Not all identity providers support the OAuth 2.0 Client Credentials Grant flow. Before implementing this guide, consult your identity provider’s documentation to verify compatibility.

Setup

1

Obtain an Access Token

Usually to obtain an access token you must know the Oauth2 Authorization Server URL. This configuration may differ depending on your identity provider.

The example below shows how to obtain an access token from the Azure Microsoft Entra ID Identity Provider

curl -XPOST -H "Content-Type: application/x-www-form-urlencoded" \
    -d client_id=<oauth2-client-id> \
    -d scope=<oauth2-client-id>/.default \
    -d client_secret=<oauth2-client-secret> \
    -d grant_type=client_credentials \
    https://login.microsoftonline.com/<tenant-id>/oauth2/v2.0/token

A success response generates the following payload:

{
    "token_type": "Bearer",
    "expires_in": 3599,
    "access_token": "eyJ0eXAiOiJKV1QiLCJhbGciOiJSUzI1Ni..."
}

The access_token attribute value is used to communicate with the Hoop Gateway API.

In order to obtain always a valid access token programatically you must automate the issuing of this process in your automation workflow.

2

Create the Service Account

This step creates the service account resource by establishing an association with the sub claim that is returned when the access token is issued.

This information typically corresponds to the client_id attribute in your OAuth 2.0 credentials. For detailed instructions specific to your identity provider, refer to our getting started section documentation.

If you’re having trouble locating this information, consult your identity provider’s configuration guide.

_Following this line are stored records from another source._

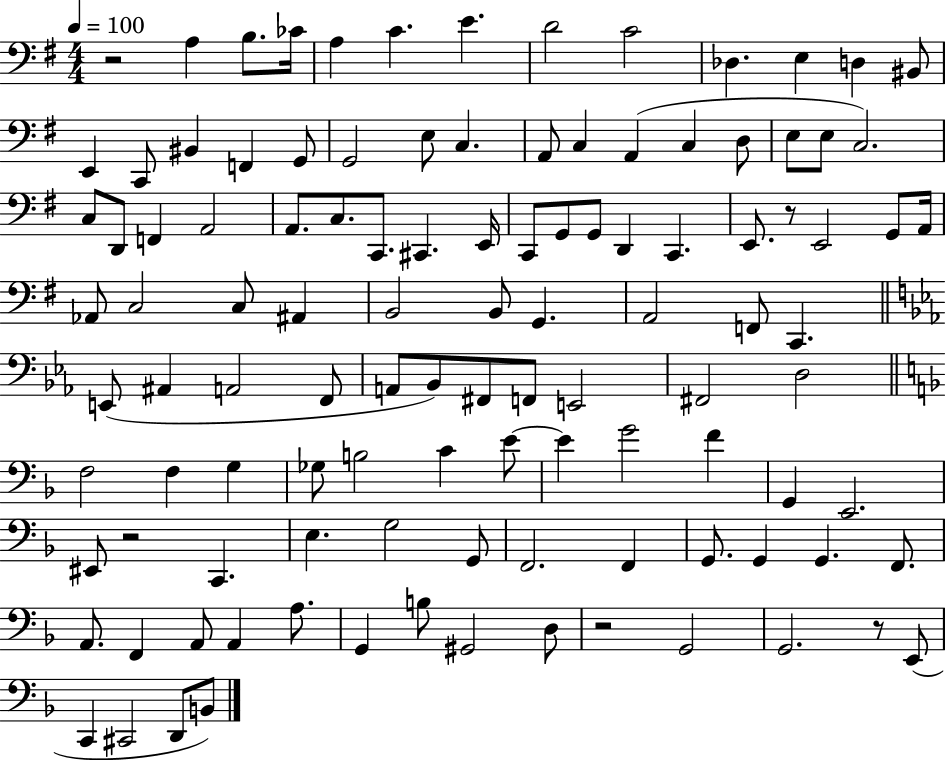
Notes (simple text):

R/h A3/q B3/e. CES4/s A3/q C4/q. E4/q. D4/h C4/h Db3/q. E3/q D3/q BIS2/e E2/q C2/e BIS2/q F2/q G2/e G2/h E3/e C3/q. A2/e C3/q A2/q C3/q D3/e E3/e E3/e C3/h. C3/e D2/e F2/q A2/h A2/e. C3/e. C2/e. C#2/q. E2/s C2/e G2/e G2/e D2/q C2/q. E2/e. R/e E2/h G2/e A2/s Ab2/e C3/h C3/e A#2/q B2/h B2/e G2/q. A2/h F2/e C2/q. E2/e A#2/q A2/h F2/e A2/e Bb2/e F#2/e F2/e E2/h F#2/h D3/h F3/h F3/q G3/q Gb3/e B3/h C4/q E4/e E4/q G4/h F4/q G2/q E2/h. EIS2/e R/h C2/q. E3/q. G3/h G2/e F2/h. F2/q G2/e. G2/q G2/q. F2/e. A2/e. F2/q A2/e A2/q A3/e. G2/q B3/e G#2/h D3/e R/h G2/h G2/h. R/e E2/e C2/q C#2/h D2/e B2/e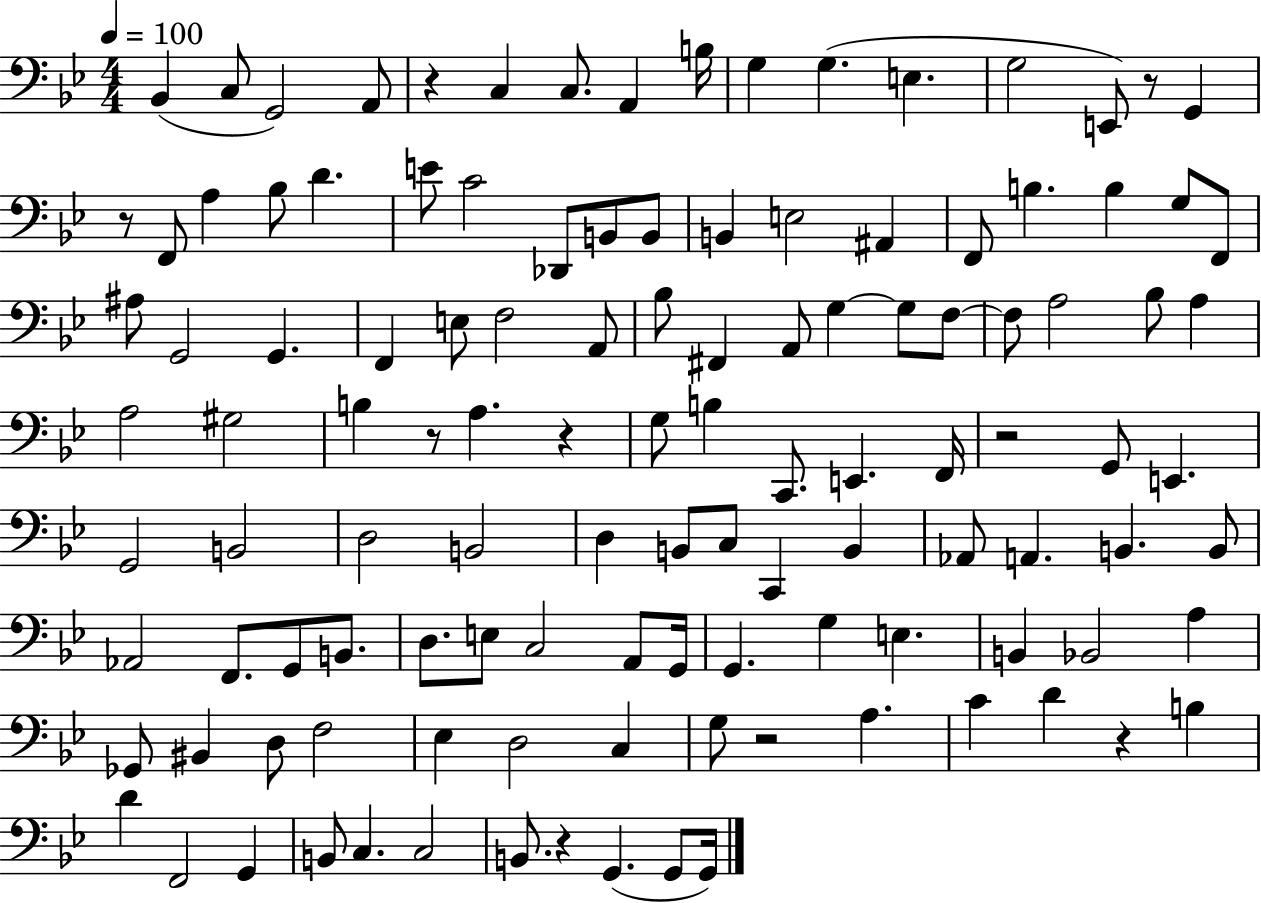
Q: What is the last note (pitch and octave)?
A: G2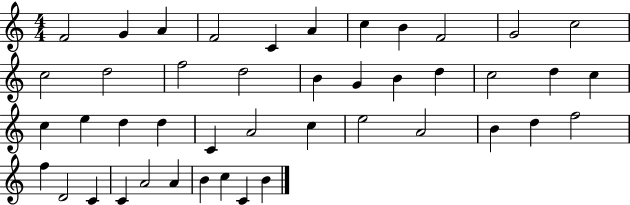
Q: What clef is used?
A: treble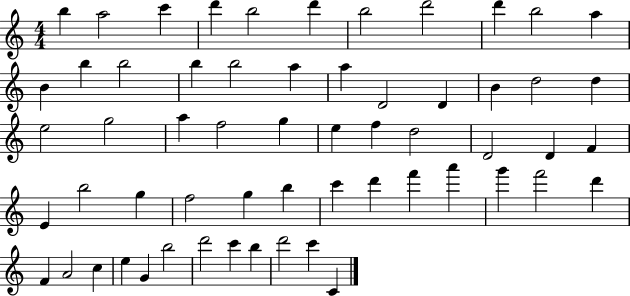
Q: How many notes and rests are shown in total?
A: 59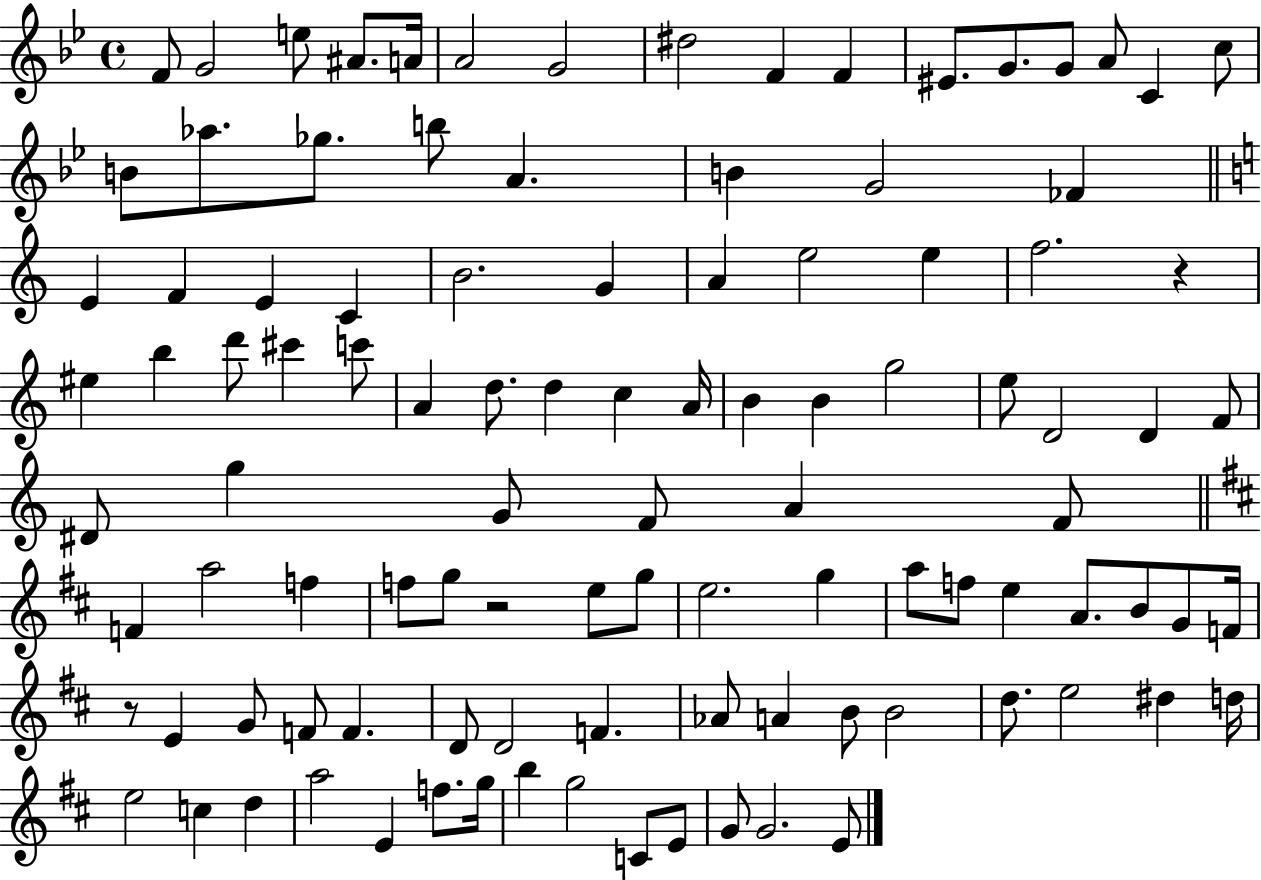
X:1
T:Untitled
M:4/4
L:1/4
K:Bb
F/2 G2 e/2 ^A/2 A/4 A2 G2 ^d2 F F ^E/2 G/2 G/2 A/2 C c/2 B/2 _a/2 _g/2 b/2 A B G2 _F E F E C B2 G A e2 e f2 z ^e b d'/2 ^c' c'/2 A d/2 d c A/4 B B g2 e/2 D2 D F/2 ^D/2 g G/2 F/2 A F/2 F a2 f f/2 g/2 z2 e/2 g/2 e2 g a/2 f/2 e A/2 B/2 G/2 F/4 z/2 E G/2 F/2 F D/2 D2 F _A/2 A B/2 B2 d/2 e2 ^d d/4 e2 c d a2 E f/2 g/4 b g2 C/2 E/2 G/2 G2 E/2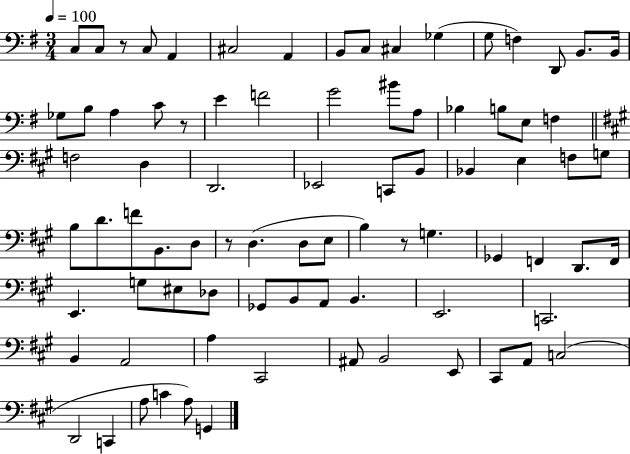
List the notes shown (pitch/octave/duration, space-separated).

C3/e C3/e R/e C3/e A2/q C#3/h A2/q B2/e C3/e C#3/q Gb3/q G3/e F3/q D2/e B2/e. B2/s Gb3/e B3/e A3/q C4/e R/e E4/q F4/h G4/h BIS4/e A3/e Bb3/q B3/e E3/e F3/q F3/h D3/q D2/h. Eb2/h C2/e B2/e Bb2/q E3/q F3/e G3/e B3/e D4/e. F4/e B2/e. D3/e R/e D3/q. D3/e E3/e B3/q R/e G3/q. Gb2/q F2/q D2/e. F2/s E2/q. G3/e EIS3/e Db3/e Gb2/e B2/e A2/e B2/q. E2/h. C2/h. B2/q A2/h A3/q C#2/h A#2/e B2/h E2/e C#2/e A2/e C3/h D2/h C2/q A3/e C4/q A3/e G2/q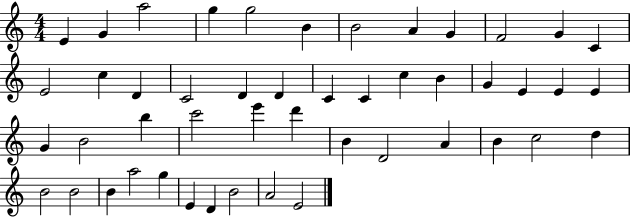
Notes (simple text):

E4/q G4/q A5/h G5/q G5/h B4/q B4/h A4/q G4/q F4/h G4/q C4/q E4/h C5/q D4/q C4/h D4/q D4/q C4/q C4/q C5/q B4/q G4/q E4/q E4/q E4/q G4/q B4/h B5/q C6/h E6/q D6/q B4/q D4/h A4/q B4/q C5/h D5/q B4/h B4/h B4/q A5/h G5/q E4/q D4/q B4/h A4/h E4/h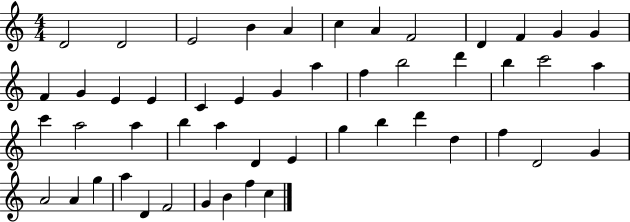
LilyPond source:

{
  \clef treble
  \numericTimeSignature
  \time 4/4
  \key c \major
  d'2 d'2 | e'2 b'4 a'4 | c''4 a'4 f'2 | d'4 f'4 g'4 g'4 | \break f'4 g'4 e'4 e'4 | c'4 e'4 g'4 a''4 | f''4 b''2 d'''4 | b''4 c'''2 a''4 | \break c'''4 a''2 a''4 | b''4 a''4 d'4 e'4 | g''4 b''4 d'''4 d''4 | f''4 d'2 g'4 | \break a'2 a'4 g''4 | a''4 d'4 f'2 | g'4 b'4 f''4 c''4 | \bar "|."
}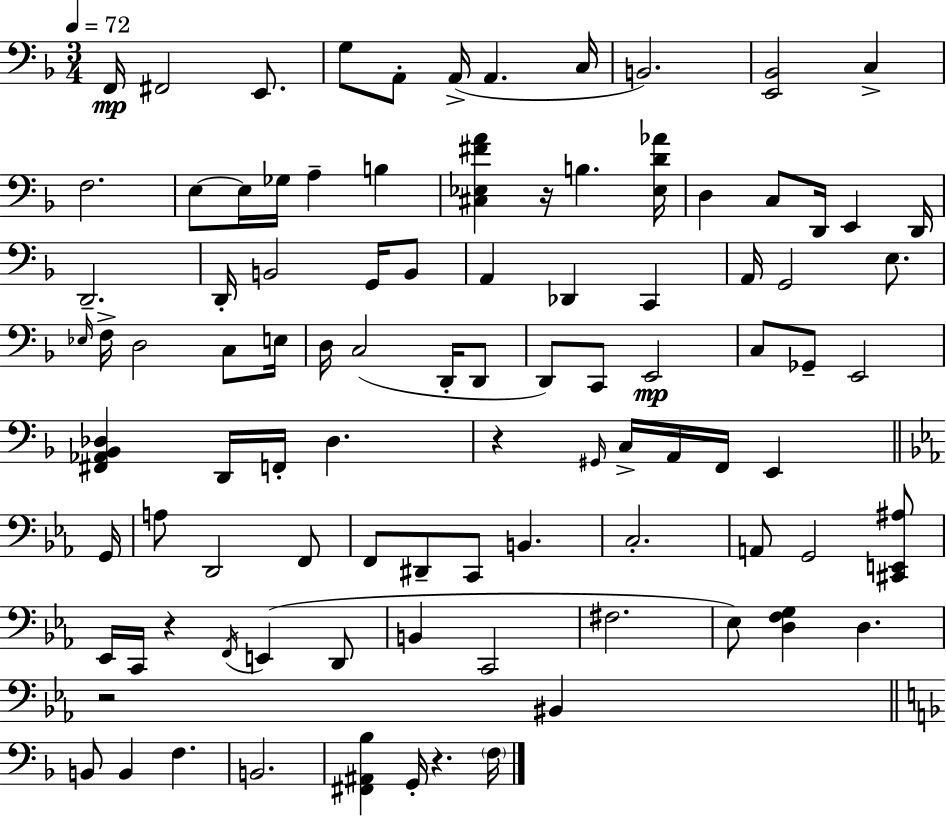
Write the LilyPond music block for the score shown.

{
  \clef bass
  \numericTimeSignature
  \time 3/4
  \key d \minor
  \tempo 4 = 72
  f,16\mp fis,2 e,8. | g8 a,8-. a,16->( a,4. c16 | b,2.) | <e, bes,>2 c4-> | \break f2. | e8~~ e16 ges16 a4-- b4 | <cis ees fis' a'>4 r16 b4. <ees d' aes'>16 | d4 c8 d,16 e,4 d,16 | \break d,2.-- | d,16-. b,2 g,16 b,8 | a,4 des,4 c,4 | a,16 g,2 e8. | \break \grace { ees16 } f16-> d2 c8 | e16 d16 c2( d,16-. d,8 | d,8) c,8 e,2\mp | c8 ges,8-- e,2 | \break <fis, aes, bes, des>4 d,16 f,16-. des4. | r4 \grace { gis,16 } c16-> a,16 f,16 e,4 | \bar "||" \break \key c \minor g,16 a8 d,2 f,8 | f,8 dis,8-- c,8 b,4. | c2.-. | a,8 g,2 <cis, e, ais>8 | \break ees,16 c,16 r4 \acciaccatura { f,16 } e,4( | d,8 b,4 c,2 | fis2. | ees8) <d f g>4 d4. | \break r2 bis,4 | \bar "||" \break \key d \minor b,8 b,4 f4. | b,2. | <fis, ais, bes>4 g,16-. r4. \parenthesize f16 | \bar "|."
}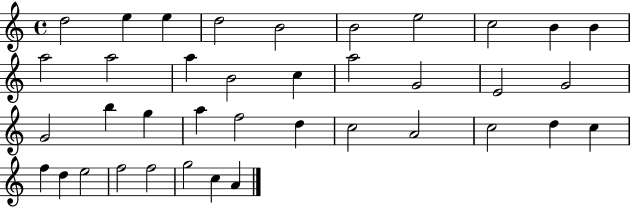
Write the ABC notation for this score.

X:1
T:Untitled
M:4/4
L:1/4
K:C
d2 e e d2 B2 B2 e2 c2 B B a2 a2 a B2 c a2 G2 E2 G2 G2 b g a f2 d c2 A2 c2 d c f d e2 f2 f2 g2 c A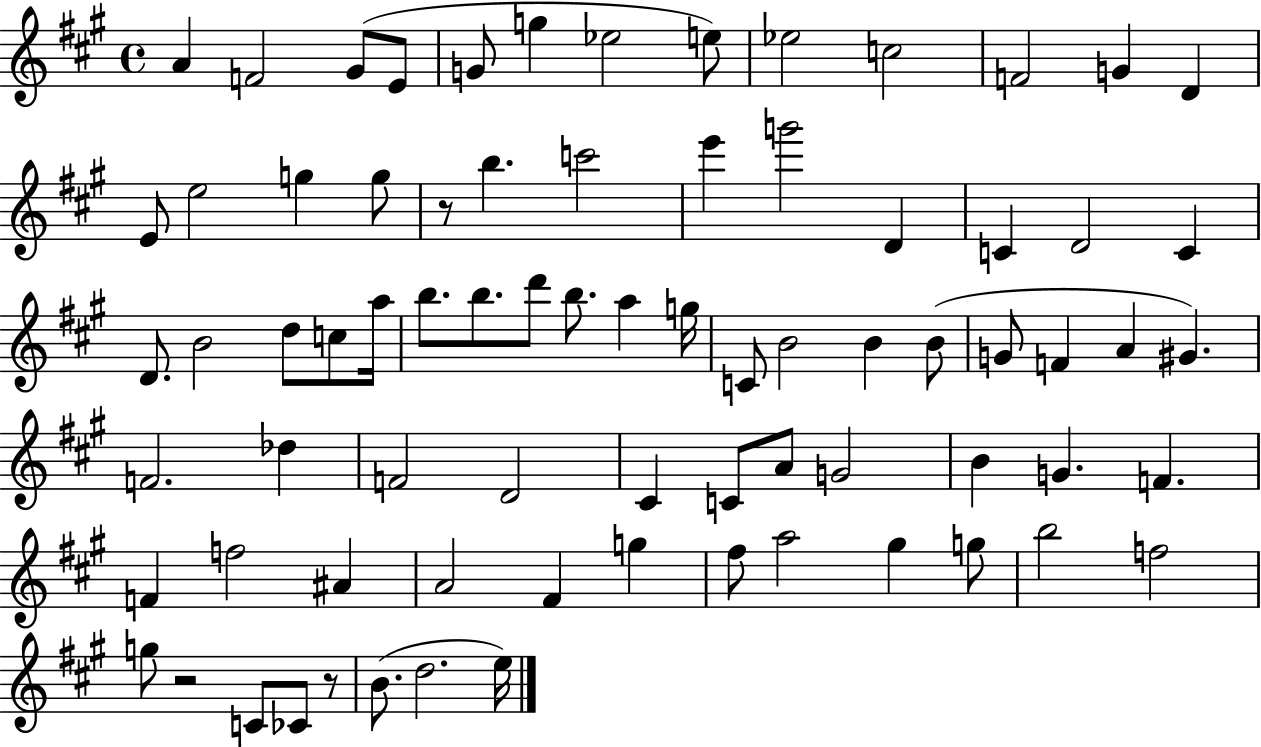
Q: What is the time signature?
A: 4/4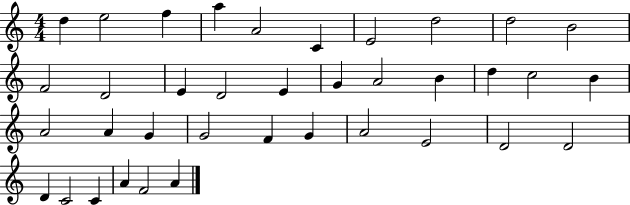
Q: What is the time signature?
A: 4/4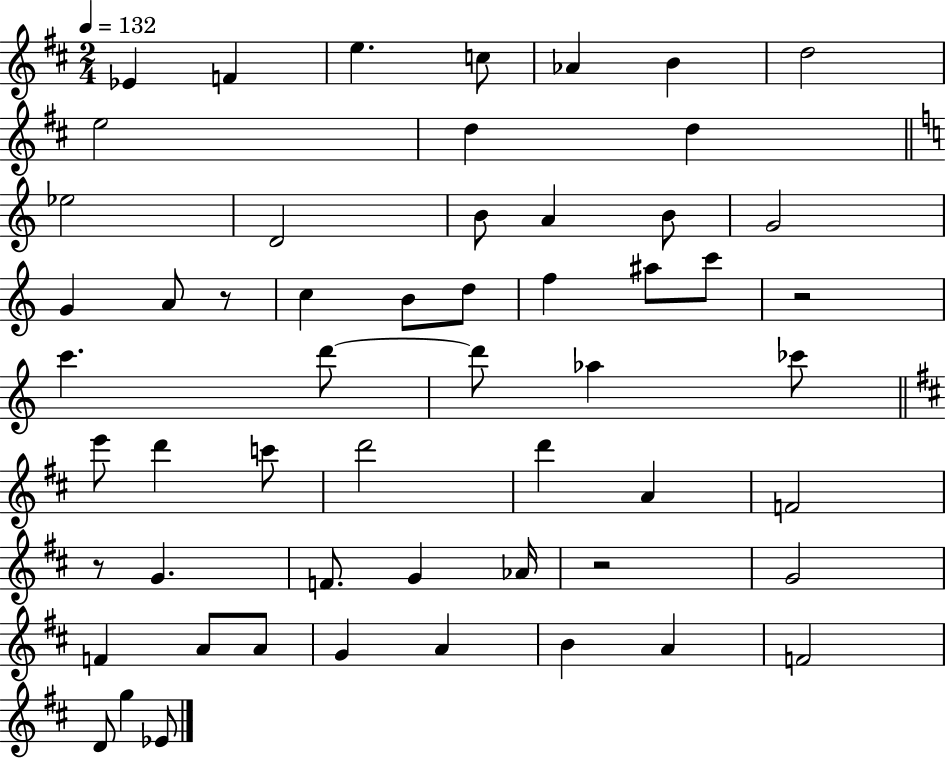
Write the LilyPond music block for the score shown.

{
  \clef treble
  \numericTimeSignature
  \time 2/4
  \key d \major
  \tempo 4 = 132
  ees'4 f'4 | e''4. c''8 | aes'4 b'4 | d''2 | \break e''2 | d''4 d''4 | \bar "||" \break \key c \major ees''2 | d'2 | b'8 a'4 b'8 | g'2 | \break g'4 a'8 r8 | c''4 b'8 d''8 | f''4 ais''8 c'''8 | r2 | \break c'''4. d'''8~~ | d'''8 aes''4 ces'''8 | \bar "||" \break \key b \minor e'''8 d'''4 c'''8 | d'''2 | d'''4 a'4 | f'2 | \break r8 g'4. | f'8. g'4 aes'16 | r2 | g'2 | \break f'4 a'8 a'8 | g'4 a'4 | b'4 a'4 | f'2 | \break d'8 g''4 ees'8 | \bar "|."
}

It creates an administrator user with access to all resources in the API.

hoop admin create serviceaccount <access-token-identifier> \
    --groups admin \
    --name 'Admin Api User Programmatic Access'
3

Use the Access Token

Configure your client application to use this token to access the Hoop API. An example using curl (http client) would be:

curl --verbose -H "Authorization: Bearer $HOOP_TOKEN" \
    https://hoop-gateway-url/api/userinfo

It should respond with HTTP status code 200 and return a JSON payload with the user information.

Revoking Access

The command below disable the service account by invalidating any request being sent to the gateway.

hoop admin create serviceaccount api-user \
    --groups admin \
    --name 'Admin Api User Programmatic Access' \
    --disable

It’s important to note that the access token has an expiration time as well. The Hoop Gateway API provides additional mechanisms to deny access for this service account through its association with the subject identifier in the token.